You can use exec -a (as found in bash, ksh93, zsh, mksh, yash but not POSIX yet) that is used to specify an argv[0] to a command being executed:
#! /bin/bash -
printf '%s\n' "$0 $*" >> /some/log
exec -a "$0" /usr/bin/do_stuff_real "$@"
 Note that that $0 is not the argv[0] that the command receives. It is the path of the script as passed to execve() (and which is passed as argument to bash), but that's likely to be enough for your purpose.
 As an example, if make_tea was invoked as:
execv("/usr/bin/make_tea", ["make_tea", "--sugar=2"])
 As a shell would typically do when invoking the command by name (looking up the executable in $PATH), the wrapper would to:
execv("/usr/bin/do_stuff_real", ["/usr/bin/make_tea", "--sugar=2"])
That's not:
execv("/usr/bin/do_stuff_real", ["make_tea", "--sugar=2"])

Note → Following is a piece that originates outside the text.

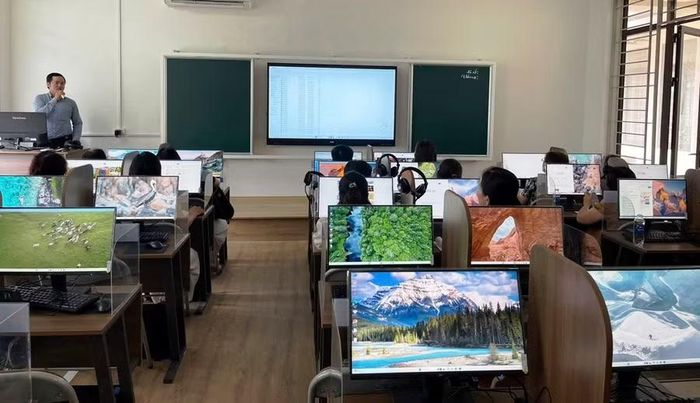 Trường Tiểu học và THCS Trần Mai Ninh được đầu tư phòng học tiếng Anh hiện đại. Ảnh: NTCC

 but that's good enough as do_stuff_real knows it's meant to make tea.
 Where that would be a problem is if do_stuff was invoked as:
execv("/usr/bin/do_stuff", ["/usr/bin/make_tea", "--sugar=2"])
as that would be translated to:
execv("/usr/bin/do_stuff_real", ["/usr/bin/do_stuff", "--sugar=2"])
That would not happen during normal operations, but note that our wrapper does something like that.
 On most systems, the argv[0] as passed to the script is lost once the interpreter (here /bin/bash) is executed (the argv[0] of the interpreter on most systems is the path given on the she-bang line) so there's nothing a shell script can do about it.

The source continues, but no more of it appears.